La préparation à la réforme doit être un vrai projet d’entreprise, porté par la direction générale. Il est important de mobiliser l’ensemble des acteurs de l’entreprise. Si la direction financière et la DSI sont souvent au cœur de ces projets, d’autres acteurs clés doivent être intégrés pour maximiser la valeur apportée. La direction achats peut profiter de ce travail d’analyse des processus et des fournisseurs pour revoir le panel fournisseurs, mettre sous contrôle les engagements de dépenses et la politique achats. La direction commerciale peut être également mobilisée pour revoir les modalités de fonctionnement avec les principaux clients, voire rassurer des clients parfois interrogatifs sur l’ampleur des évolutions à entreprendre et les choix technologiques et opérationnels à effectuer.

C’est en intégrant tous ces acteurs internes et externes que l’entreprise pourra tirer le maximum de valeur de cette transformation : une amélioration de l’expérience client et fournisseur, un meilleur contrôle du cash, une optimisation des dépenses.

Comment Argon & Co accompagne les entreprises dans cette transformation ?

Argon & Co accompagne les dirigeants dans la stratégie et transformation des opérations.

Nous avons mené de nombreux projets de digitalisation des cycles d’achats et de ventes de la phase amont de diagnostic et de définition de la cible à la phase aval de mise en œuvre, en délivrant des résultats tangibles et pérennes. Par ailleurs, nous sommes indépendants et agnostiques des solutions de digitalisation du marché, et, de ce fait, apportons un conseil objectif pour aider nos clients à faire les bons choix de solution de dématérialisation.

Questions à…Fabrice Milad, directeur facturation, Manpower France

Fabrice Milad a la responsabilité du déploiement de la facturation électronique au sein de Manpower France.

Comment Manpower France a anticipé la réforme de la facturation électronique ?

La société Manpower France s’est positionnée très tôt sur l’importance des changements que nécessite cette réforme. Le monde du travail temporaire est un secteur très complexe avec une multitude de solutions qui touchent les systèmes de facturation. Nous avons considéré que la réforme affecterait notre mode de gestion, nos systèmes d’information et notre organisation de production administrative et comptable. Considérant le caractère stratégique du projet, le sujet a été rapidement pris en charge par le management de l’entreprise en 2021 avec une dynamique qui a embarqué l’ensemble des périmètres concernés.

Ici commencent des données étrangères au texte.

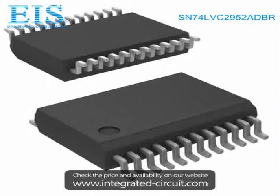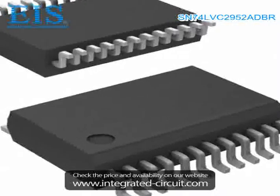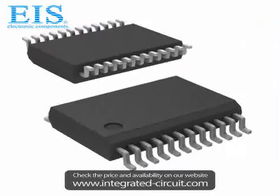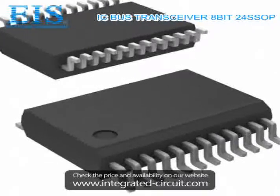Hello, this is Tams from Excellent Integrated System Limited. We are a professional stocking distributor of electronic components. We have many components in stock which can be shipped immediately after order.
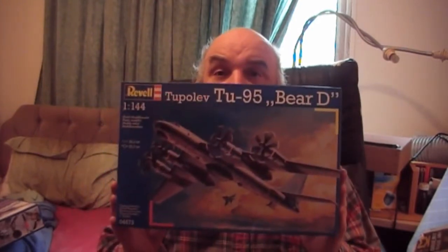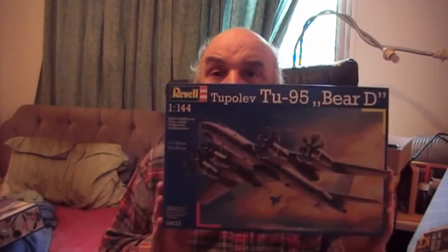I also bought from there — they've got a few on the shelf. I bought the Tu-95 Bear, the Russian heavy bomber and reconnaissance aircraft.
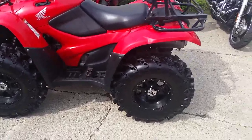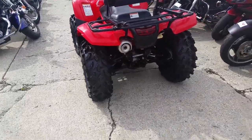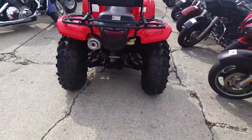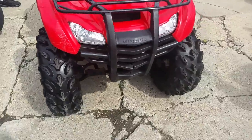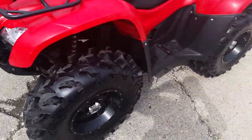At Approval Powersports, we got a 2012 Honda Rancher 420 for sale, fuel injected ATV, $5,400. Nice quad with only 530 miles, four wheel drive, S&S tires with brand new ITP Swamp Light tires.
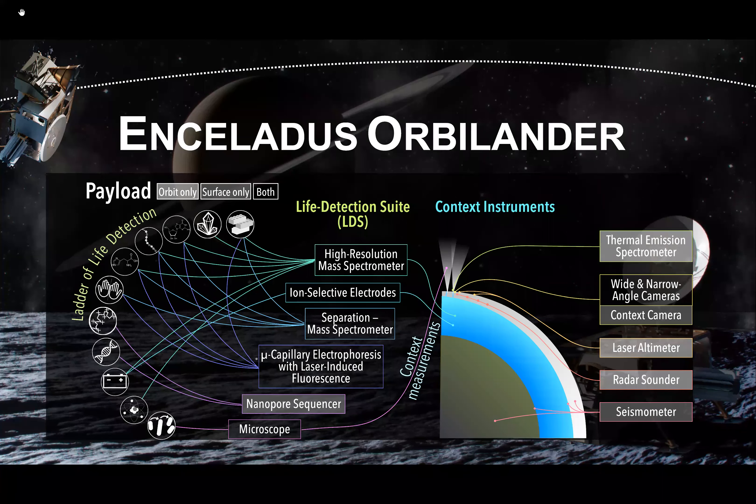The data is not conclusive but highly suggestive and begs for a return mission. One such mission studied was the Enceladus Orbilander, led by Shannon McKenzie, with both an orbiter and a landing element designed to search for life in the Enceladus ocean. It would carry high-resolution mass spectrometers, electrophoresis, and a nanopore sequencer — effectively a DNA sequencer — a quite comprehensive instrument complement. I hope it happens.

Nous avons lancé en 2021 un travail d’identification des prérequis à mettre en place qui a permis d’implémenter les évolutions et développements nécessaires en 2022-2023. Par la suite, nous avons réalisé en 2022 un audit d’écart à la norme nous ayant permis d’identifier clairement les impacts et développements à entreprendre pour répondre à la réglementation et définir les plans d’action à initier. Des actions principalement focalisées sur l’intégration des nouvelles données obligatoires dans nos flux, étant donné notre maturité dans la facturation digitale.

Forts de tout cela, nous avons ensuite réalisé un appel d’offres en 2023 pour sélectionner une plateforme de dématérialisation partenaire (PDP).

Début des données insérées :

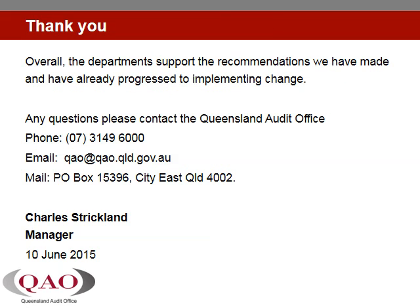Overall, the Department supports the recommendations we have made and have already progressed to implementing change. We trust that this presentation has been of value to you. The full report can be found on the Queensland Audit Office's website. Thank you.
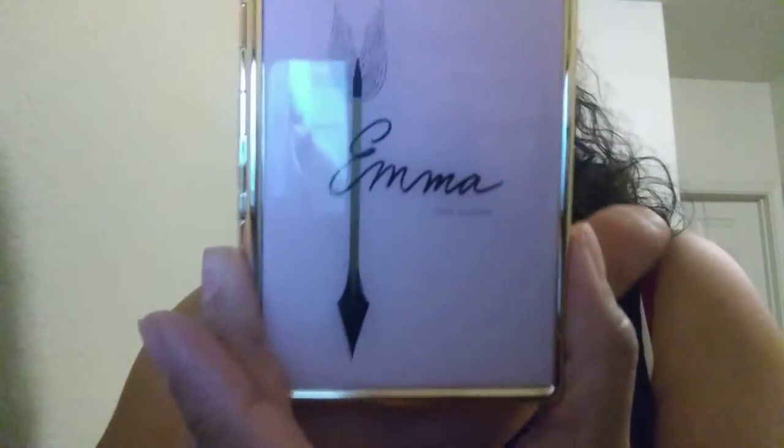Let me see if I can open it. It has a piece of plastic around it — there we go. So it is the Emma, and it says Jane Austen. And then it has part of probably a quote from the book, I'm guessing, on the back.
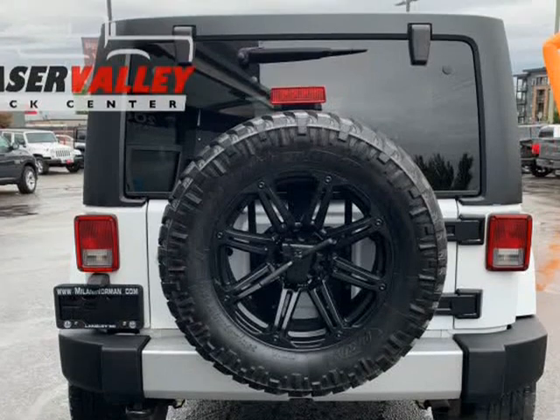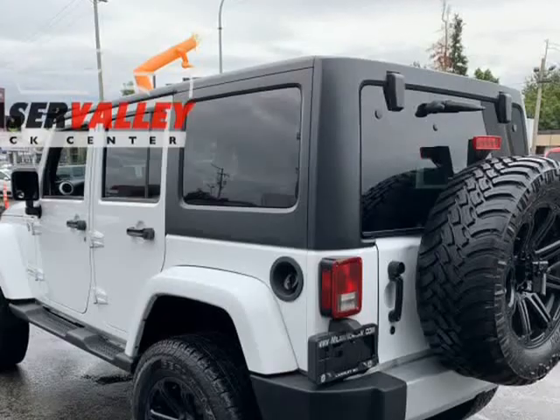It features a standard transmission, 4-wheel drive, and a refined 6-cylinder engine.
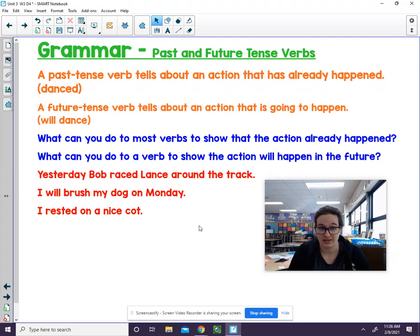Let's review past and future tense verbs. Remember, a past tense verb tells about an action that has already happened. For example, the word 'danced.' It has the -ed at the end. When I see the word 'danced,' I know that this happened in the past because it has -ed there.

Où en êtes-vous aujourd’hui ? Comment vous positionnez-vous par rapport au report de la réforme ?

Le travail préparatoire lancé il y a deux ans nous a semblé indispensable pour s’assurer d’une réussite quelle que soit l’échéance de la réforme. Ce travail a d’ailleurs déjà permis de générer de vrais gains économiques et organisationnels pour l’entreprise. Pour en citer quelques-uns, notre taux de dématérialisation de factures s’élève aujourd’hui à 90 %. Nous avons augmenté de 5 points le taux de factures envoyées dans les temps pour se rapprocher progressivement de 100 %, ce qui a permis d’améliorer de 5 jours le DSO sur les grands comptes complexes entre 2022 et 2023, avec un gain de cash significatif.

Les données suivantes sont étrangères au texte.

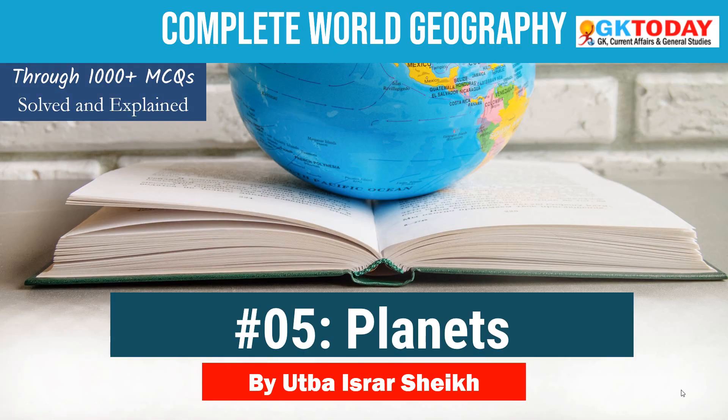Hello everyone, welcome to GKtoday. All the videos of GKtoday are absolutely free and available on GKtoday's YouTube channel. And if you are looking for interactive quizzes in text and also their solutions, then please download the GKtoday Academy Android app. We have several free and paid courses in that app.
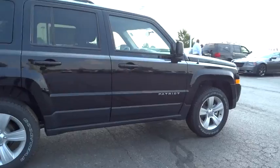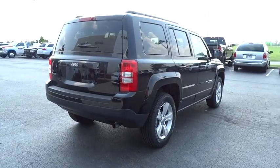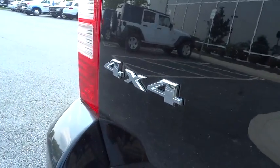Fog lights, Uconnect hands-free group, brake assist, tachometer, front bucket seats, tilt steering wheel, front reading lamps, driver vanity mirror, rear window wiper, passenger vanity mirror, steel wheels.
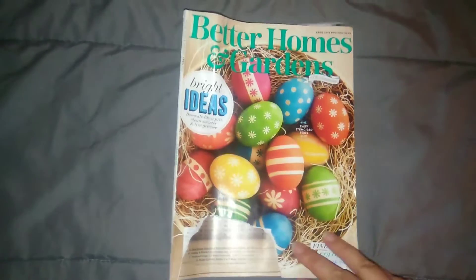Hey guys, today is my Freebie Friday video — hopefully I'll get it up tonight since it's Friday. I'm gonna go ahead and get started. First thing I got was this Better Homes and Garden magazine.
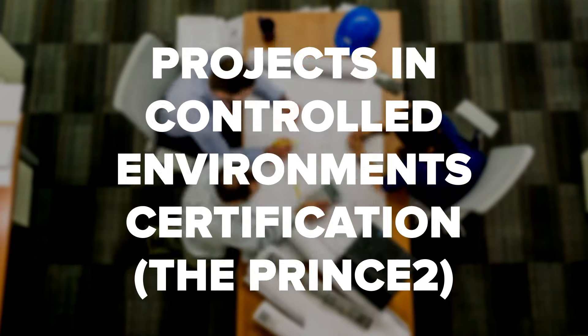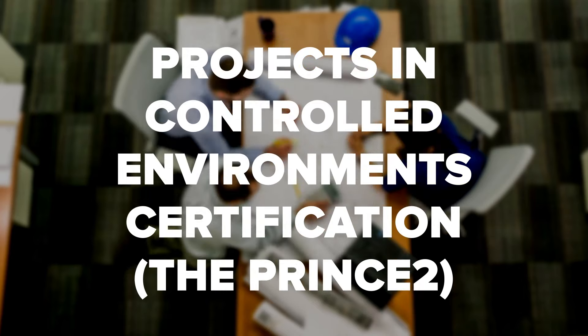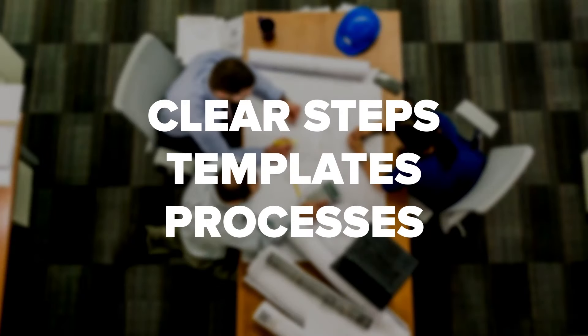What is PRINCE2? Project In Controlled Environments Certification, or PRINCE2, is primarily a process-based project management technique that provides a systematic approach to delivering a prosperous project with clear steps, templates, and processes.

Aujourd’hui, nous avons sélectionné notre PDP. Notre enjeu est de conserver la dynamique dans ce projet. L’expérience et la connaissance que nous avons développées autour de la réforme nous permettent d’en faire bénéficier nos clients grands comptes et d’engager avec eux des projets communs pour notamment tester les nouveaux flux EDI. Nous nous posons également la question de nous positionner comme pilote dans le cadre de la réforme pour échelonner le déploiement.